The Assassin’s Creed series is no stranger to promoting the wholesale murder of folks with whom you disagree. From battling Templars on the seas of the Caribbean to viciously and repeatedly punching the pope, these games have a history of exacting revenge on all-powerful (yet never successful) shadow organisations. A few hours into Assassin’s Creed: Odyssey, you’ll come across another one. The “Cult of Kosmos” are a group of nefarious masked ne’er-do-wells who are responsible for many of the ills in your protagonist’s life. But this is good, because soon you’ll start hunting them down.
However, first you need to consult a screen that works like a sci-fi version of those detective film conspiracy boards, with strings that connect each cultist to their boss (known as a “Sage”) and each Sage to their mysterious leader. The twist is that when you start your crusade of vengeance, you have no idea where, or even who, any of these people are. In practice, this means there are no HUD markers to guide the way, and really no way of tracking them at all.
But that’s the fun bit. As you explore the seas and islands of ancient, loot-filled Greece, you’ll eventually stumble across a clue, some scrap of evidence or line of dialogue that lets you hone in one of your targets. To start, you’ll have a few vague hints, like the name of an island or city, pinned to the relevant cultist on your conspiracy board. Gather enough information and you’ll be able to track a cultist on your minimap and hunt them with more precise directions. Crossing names off your kill-list and seeing the organisation slowly crumble is immensely satisfying. This is what an assassin is supposed to do.
Coming across a new cultist, on purpose or by accident, is often one of the most exciting moments in the entire game. Once, I was caught stealing from a chest and was halfway through murdering every guard in town as part of a blunt cover-up, when a cultist I’d yet to discover decided to wander into the settlement with his retinue of high-level bodyguards. I was torn between trying to kill him or running away. In the end, I decided to continue my violent streak.
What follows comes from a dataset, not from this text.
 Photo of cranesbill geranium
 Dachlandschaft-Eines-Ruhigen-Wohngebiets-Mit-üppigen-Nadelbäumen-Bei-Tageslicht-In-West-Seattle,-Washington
One of the key reasons cult-hunting feels so good is that it ties neatly into the rest of the story. Kassandra (or Alexios if you accidentally chose wrong) is meant to be dismantling the cult, and the best way to do that is by exploring the world and completing side quests at your own pace. The earlier Assassin’s Creed games promised freeform, open-world assassination amid all the pope-bashing, but Odyssey is the first game to really make good on this promise, and it’s all thanks to the Cult of Kosmos.